The Clark County Republican Party held a chaotic convention Saturday that began with long lines of attendees waiting to get registered and ended with an announcement that county party Chairman Ed Williams has resigned.

In between, Clark County Republicans seated 1,209 delegates, and concerns about the process dogged the convention, held at the Rio. Representatives with the campaign of U.S. Sen. Ted Cruz, R-Texas, raised concerns about the process of credentialing delegates.

The purpose of the convention, in part, was to assign delegates eligible to attend the Nevada Republican Party’s state convention on May 14 in Reno. At the state convention, the party picks delegates who will go in July to the Republican National Convention in Cleveland. Thirty Nevada delegates will go to the national convention.

The county event was essentially an extension of the Feb. 23 caucuses, which GOP front-runner Donald Trump won. Cruz placed third behind U.S. Sen. Marco Rubio, R-Florida, who has dropped out of the race.

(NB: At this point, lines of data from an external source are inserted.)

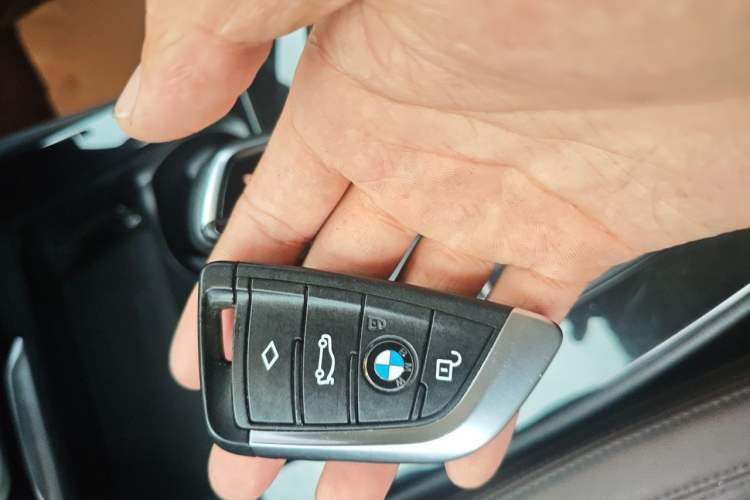 Used BMW X3 2020 xDrive25i Luxury Package Vehicle Key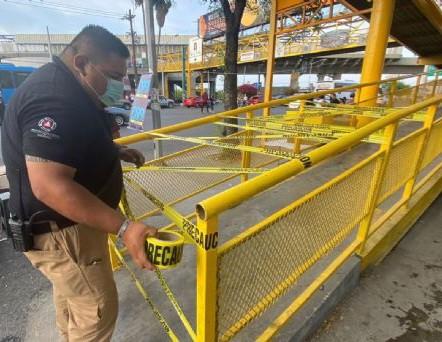 Cierran puente peatonal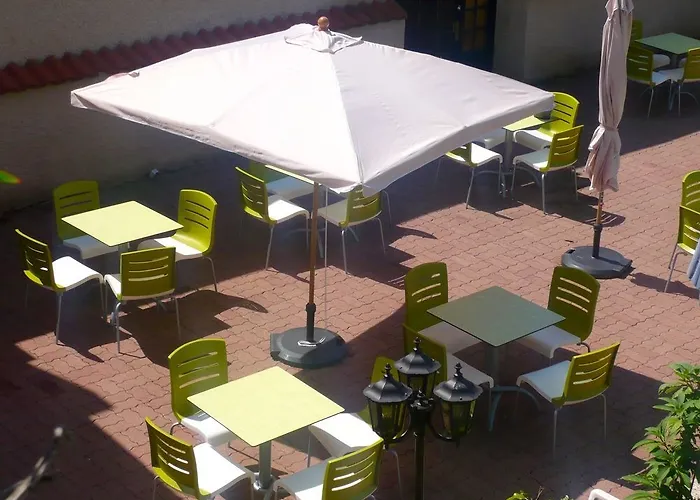 Hotel Logis Restaurant & A La 12 3*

The battle on Saturday is an example of how fierce the delegate fight can get. Cruz has emerged as perhaps the best hope for Republicans seeking to stop Trump at the national convention. This race is unlike past presidential elections, when a candidate is typically a lock to win the nomination at a carefully choreographed drama-free national convention.

Delegates are bound to vote according to the caucus outcome in the first round of votes at the national convention. But they can switch their vote to someone else if a presidential candidate doesn’t receive at least 1,237 delegates.

In the first round of voting at the national convention, 14 Nevada delegate votes will go to Trump, seven will go to Rubio, six will go to Cruz and two go to Ben Carson. One will go to Ohio Gov. John Kasich, the only other Republican besides Cruz and Trump still in the race. If voting continues afterward, the delegates are free to vote as they wish.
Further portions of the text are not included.